Many are watching the Dow Transports’ recent all-time highs, wondering if Dow Theory suggests new highs for the DJIA as well.
Without wading into the debate over which interpretation of the theory holds water and which are all wet, I think it’s important to recognize that the DJIA is one of those indices not making new all-time highs lately.
Should the Industrials not break above 14,198.10, this would be considered a Dow Theory non-confirmation, at least on a larger scale. The last time this happened was in July of 2011, when the Transports made a new high of 5627.85 and the DJIA failed to best its May 2 12,876 high.
We can argue about cause and effect, but there’s no argument about what happened next.
Drilling down, we can see DJIA has nearly completed a Crab Pattern at the Fibonacci 161.8% extension (14,201.84) of the July-October 2011 crash (the white pattern.)
It intersects nearly perfectly with the previous 2007 high of 14,198.10 at the very point where the purple channel top and white 25% channel line also intersect. But, it need not even reach that level to be considered a double top (within 1%.)
And, only a few points away we find a Butterfly Pattern target (small red pattern) at 13,985.65 and a Crab Pattern target (in white) of 13,963.50.
The last leg up in the move since October 2011 has been 1424 points — roughly 87% of the leg 3 rally between June and September of 2012. A Fibonacci 88.6% of the leg 3 rally would register at 13,912 — well within the margin of error for any of the harmonic patterns mentioned above, and only 16 points above today’s high.

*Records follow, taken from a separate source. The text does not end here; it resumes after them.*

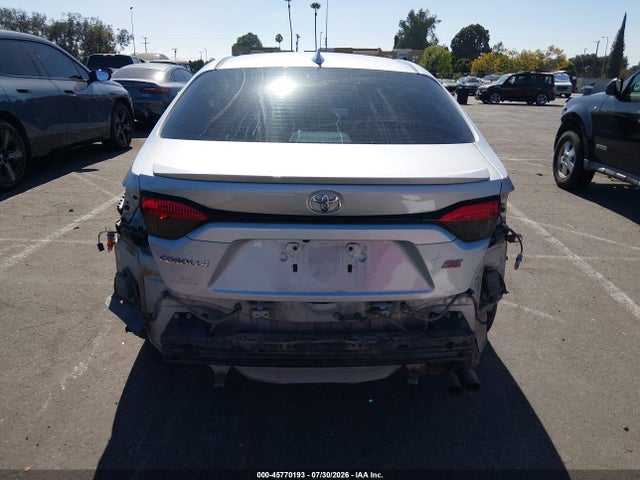 2020 TOYOTA COROLLA SE 17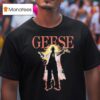 Geese Holy Figure T Shirt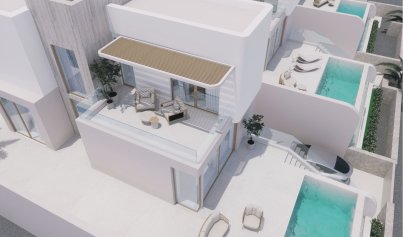 New Build - Villa -
Algorfa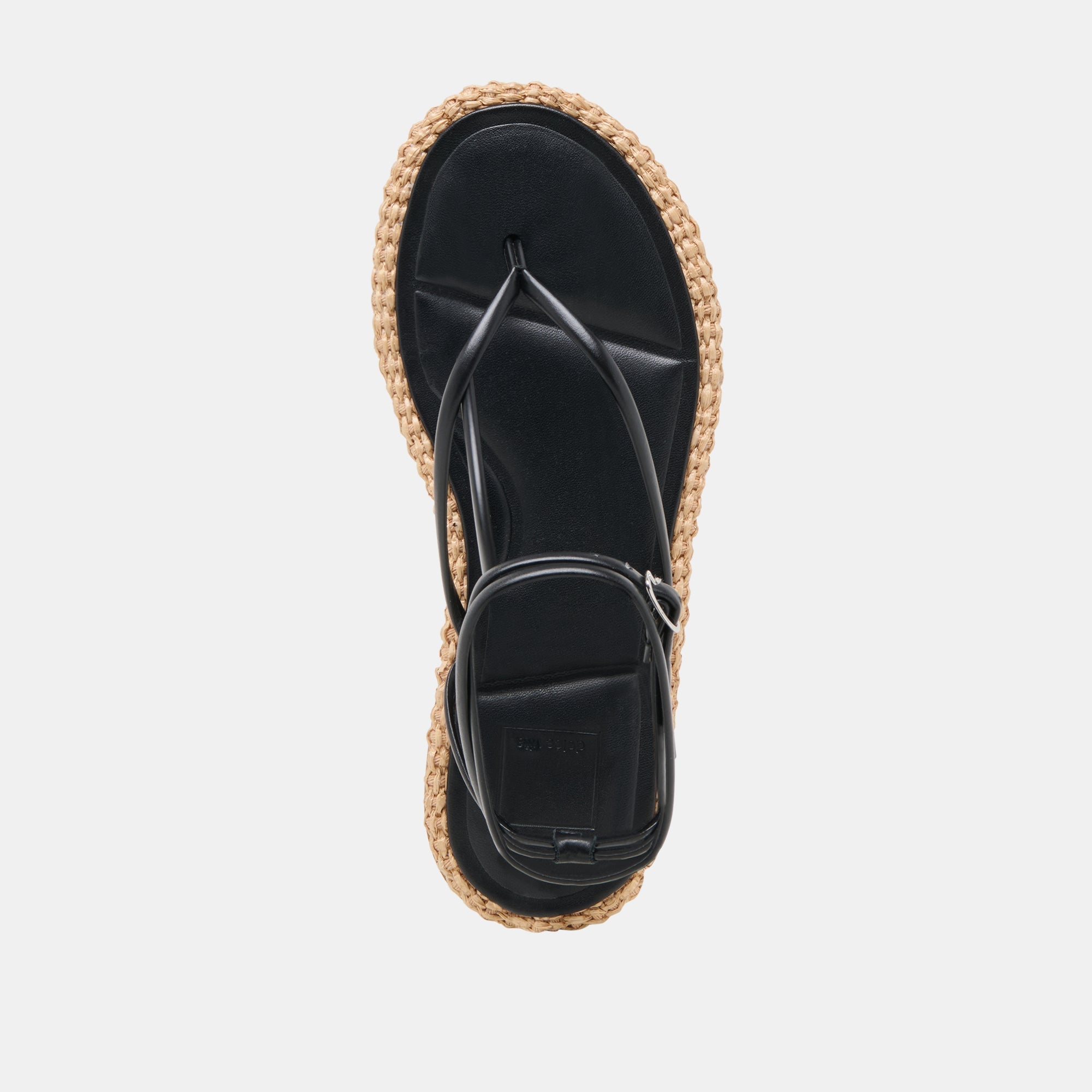 COVE SANDALS BLACK LEATHER
 – Dolce Vita / Dolce Vita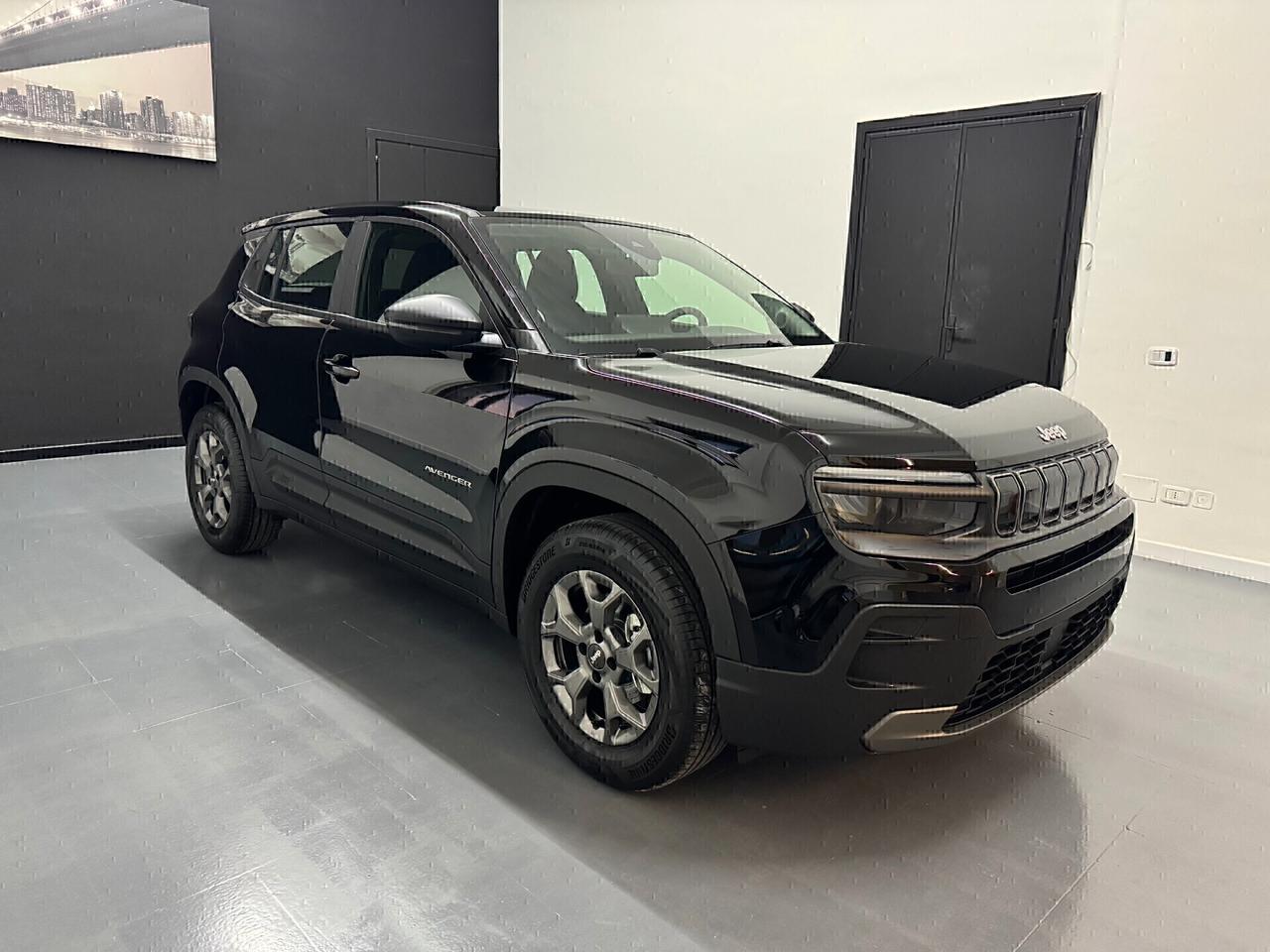 Jeep Avenger 1.2 Turbo Longitude - KM0 2025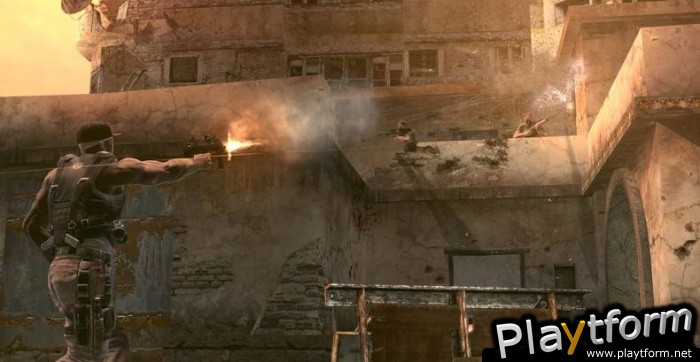 50 Cent: Blood on the Sand (PlayStation 3)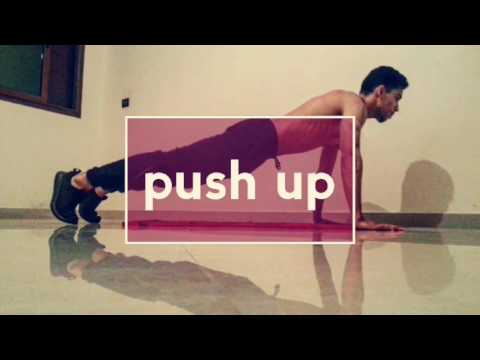 Boyka Chest workout level 2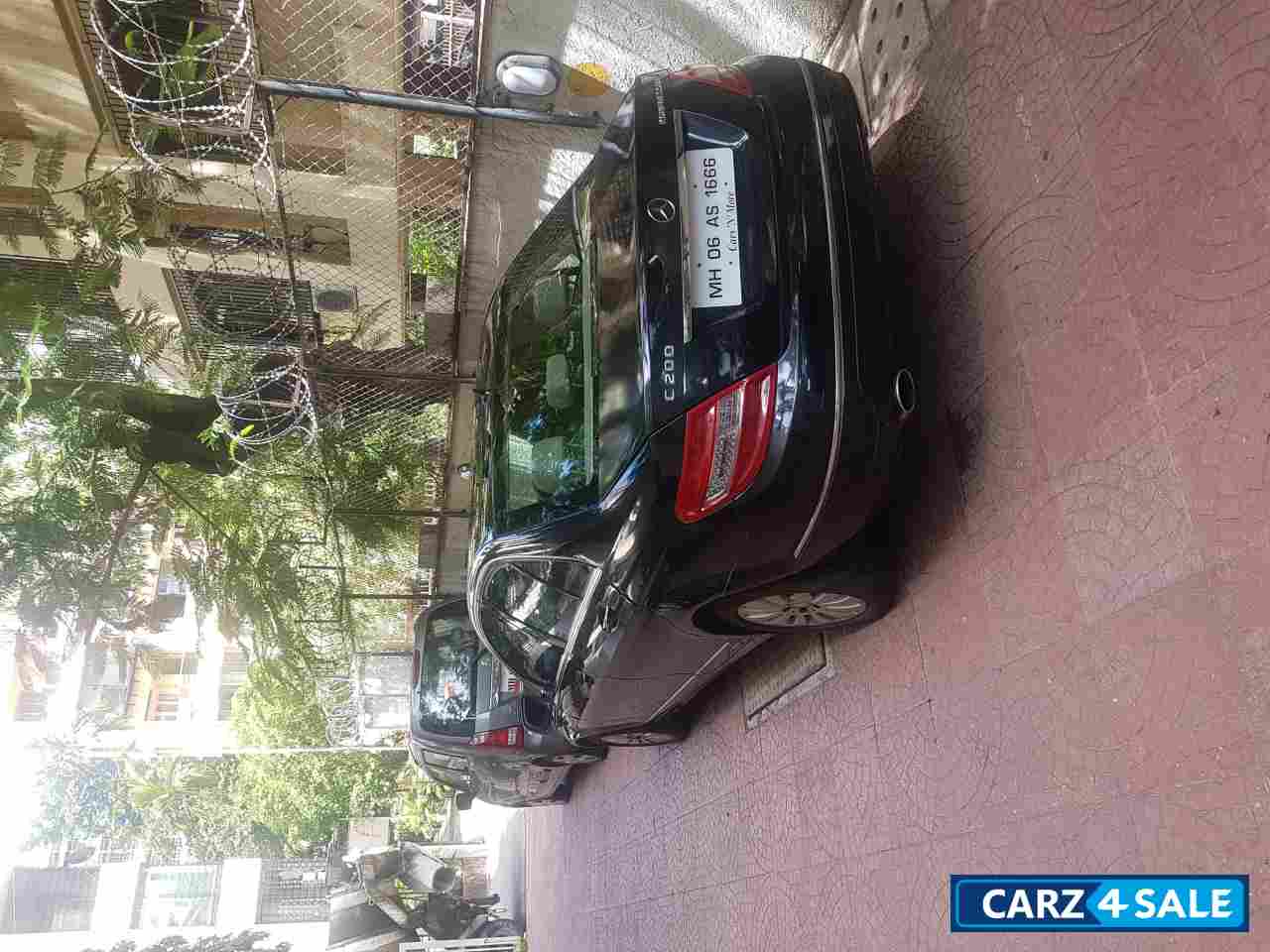 Mercedes-Benz C-Class 200 CDI Classic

And, for those who, like me, love to channel stuff, the DJIA’s daily RSI has its own bearish tale to tell.
Could DJIA blow through 14,200 confirm the Transports’ all-time high and spoil the bears’ party? Of course. There are still plenty of earnings reports to sift through, including AMZN, CAT, FB, YHOO, IP, PFE and F in the next few days. We could get great Durable Goods numbers Monday, Case-Shiller Home Price Index on Tuesday, or a bullish FOMC outcome on Wednesday.
But, anyone counting on new all-time highs should remember July 2011 and consider protecting their downside.